*** Block opens ***

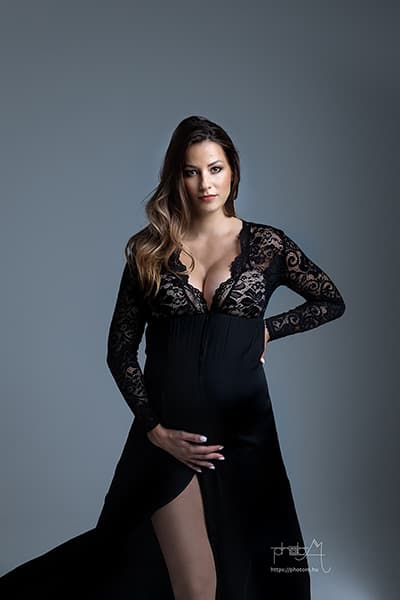 profi kismama fotózás Budapesten stúdióban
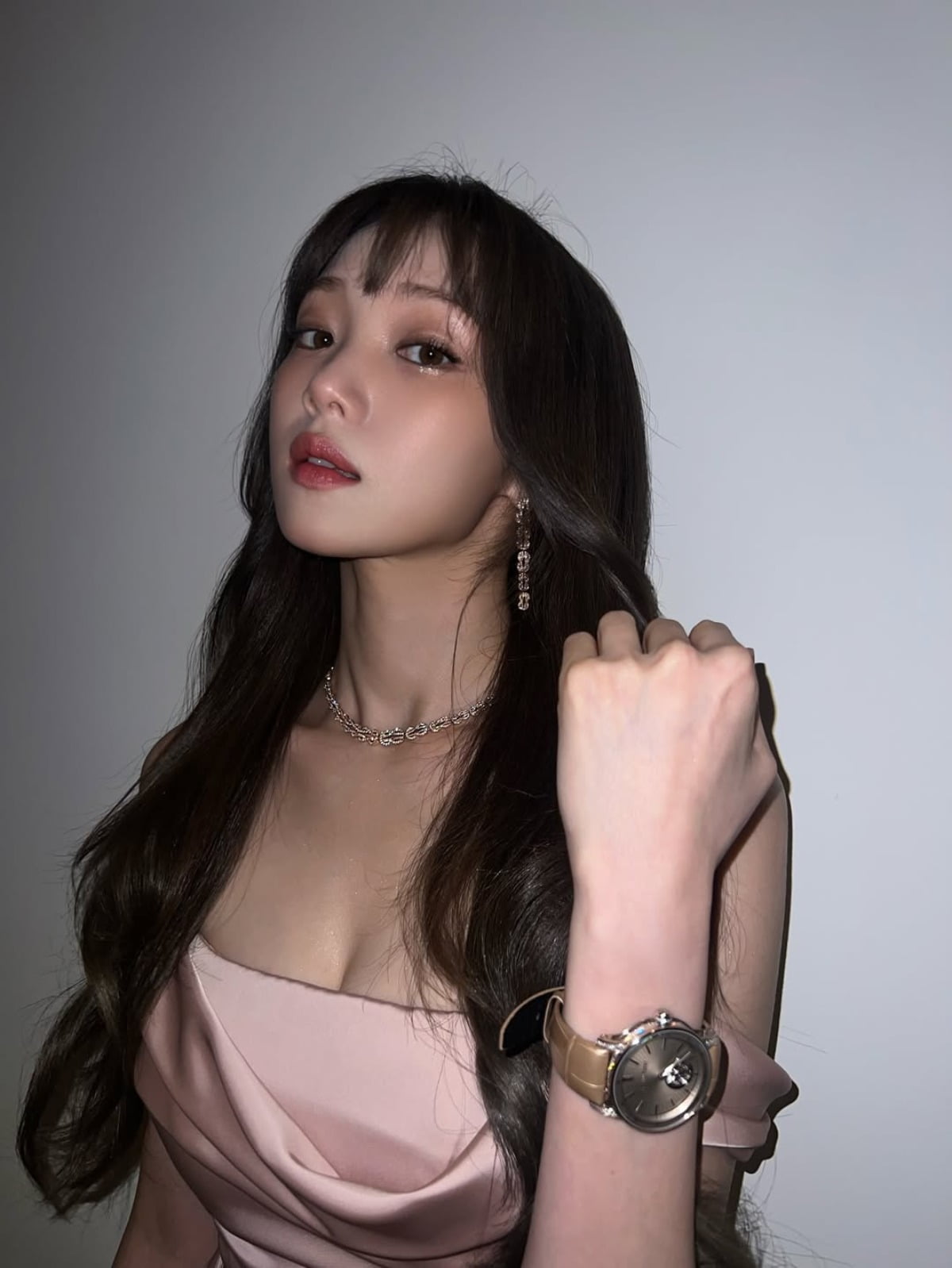Lee Sung-kyung Stuns in Strapless Satin Dress, Showcases New Beginnings with Fantagio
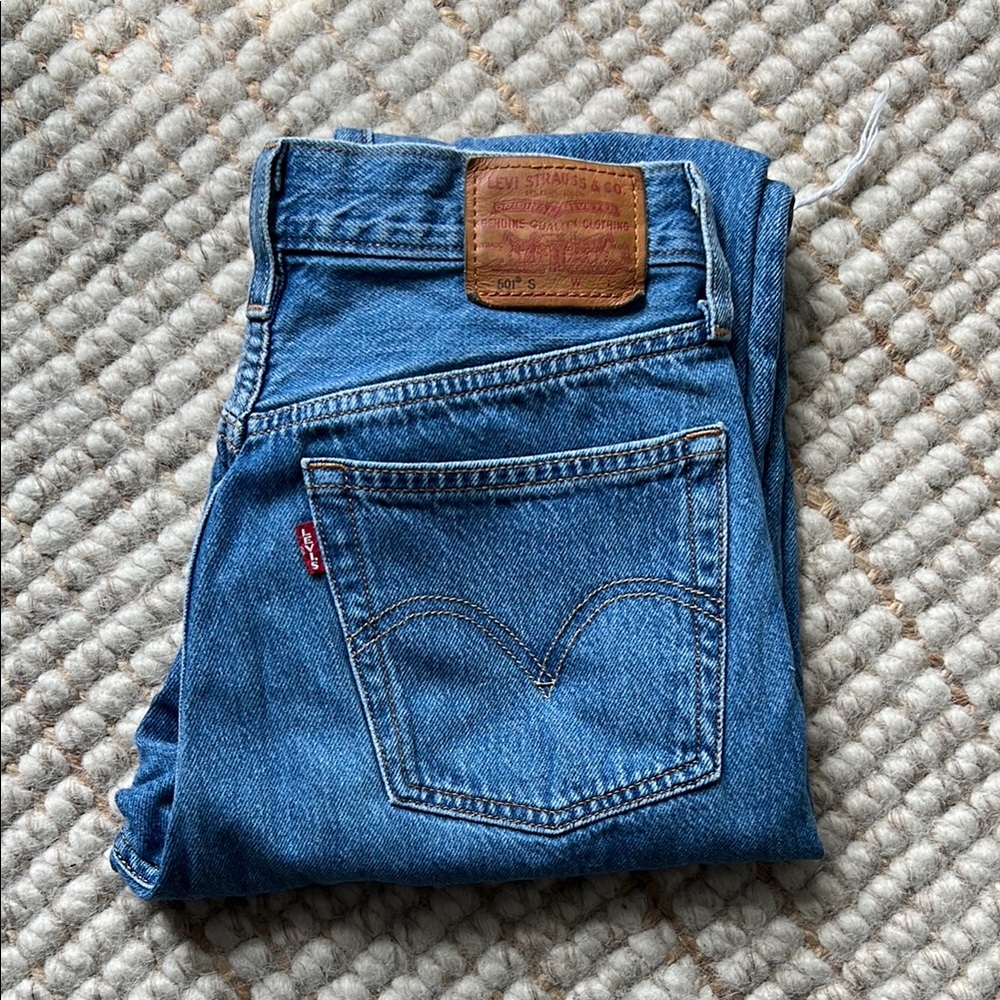 LEVI’S 501 Distressed Skinny Jeans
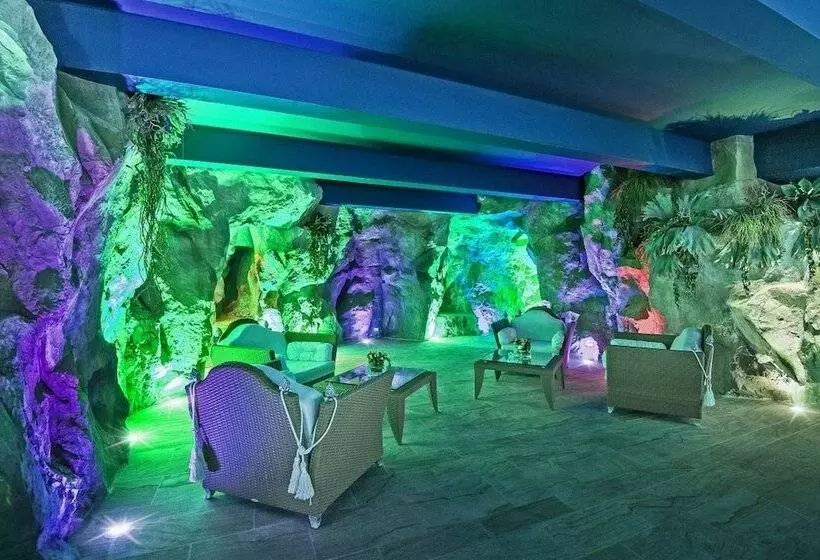 בית מלון כפרי Regina Palace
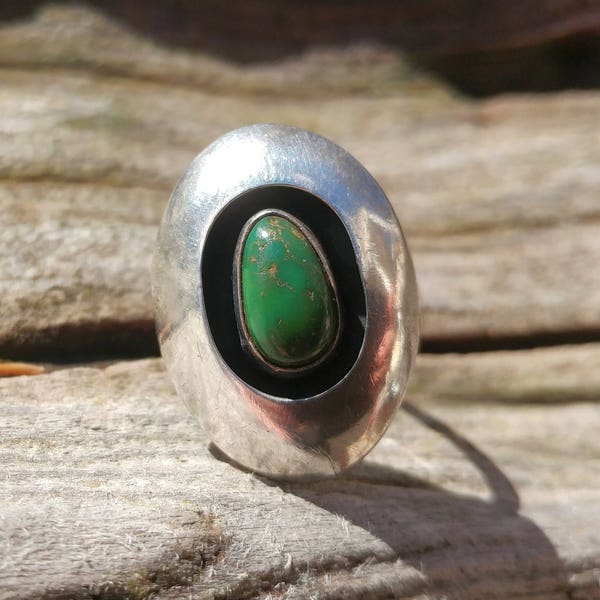 Antique Mexican Taxco Green Turquoise and Sterling Silver Ring Size 6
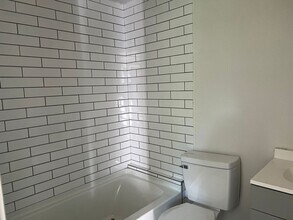 201 Eastwood St in Houston, TX - Building Photo - Building Photo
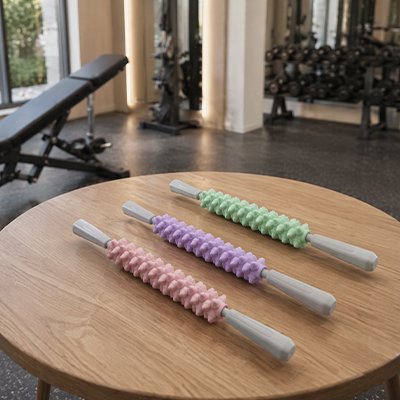 Rouleau de massage vert rose et violet salle de sport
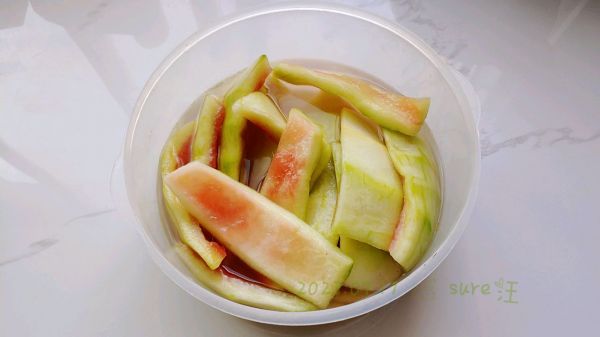 葱椒肉炒脆瓜条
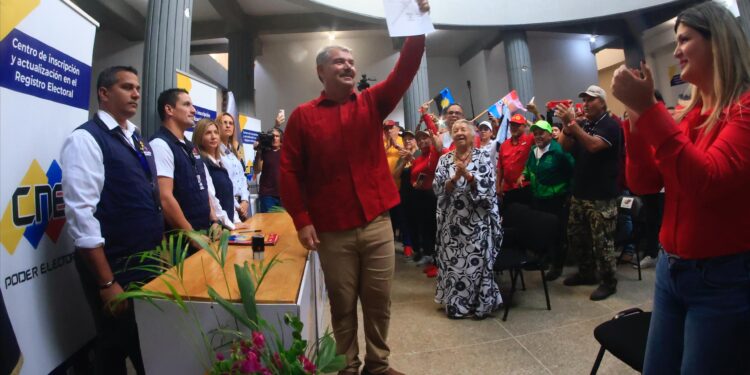 El Huracán Bolivariano del Zulia acompañó la inscripción de la candidatura de Luis Caldera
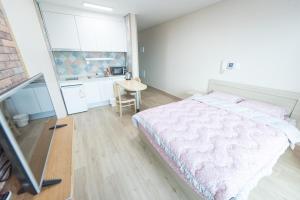Postel nebo postele na pokoji v ubytování Pension Jung Won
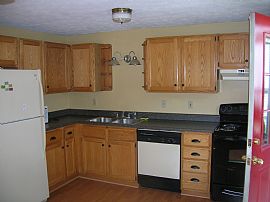 Quiet 2 Br, 1 Ba Condo in Excellent Location  in Saco, ME (Photo 5 of 5)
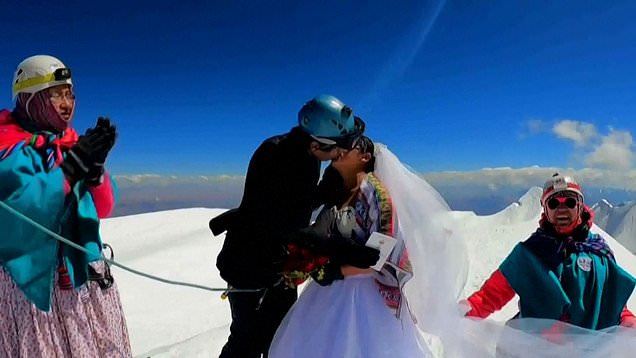 Đám cưới trên đỉnh núi cao 6.400m
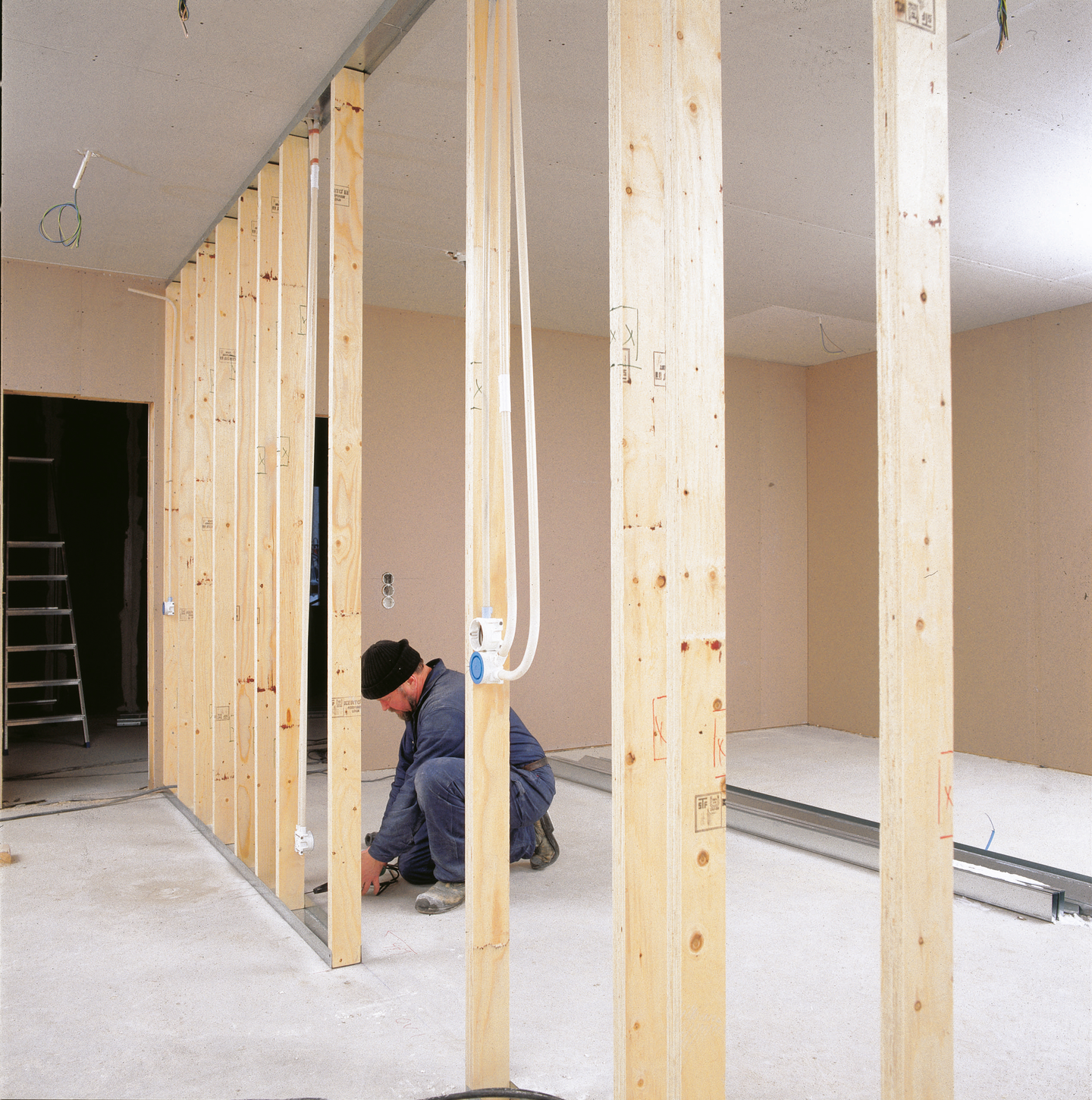 Väliseinätolppa LVL Kerto-T 39x92x3000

*** Block closes ***

▶ Problem requirements: Word for word, restate all of the material above except its pictures.

▶ Task output:
 profi kismama fotózás Budapesten stúdióban
Lee Sung-kyung Stuns in Strapless Satin Dress, Showcases New Beginnings with Fantagio
 LEVI’S 501 Distressed Skinny Jeans
 בית מלון כפרי Regina Palace
 Antique Mexican Taxco Green Turquoise and Sterling Silver Ring Size 6
 201 Eastwood St in Houston, TX - Building Photo - Building Photo
 Rouleau de massage vert rose et violet salle de sport
 葱椒肉炒脆瓜条
 El Huracán Bolivariano del Zulia acompañó la inscripción de la candidatura de Luis Caldera
Postel nebo postele na pokoji v ubytování Pension Jung Won
 Quiet 2 Br, 1 Ba Condo in Excellent Location  in Saco, ME (Photo 5 of 5)
 Đám cưới trên đỉnh núi cao 6.400m
 Väliseinätolppa LVL Kerto-T 39x92x3000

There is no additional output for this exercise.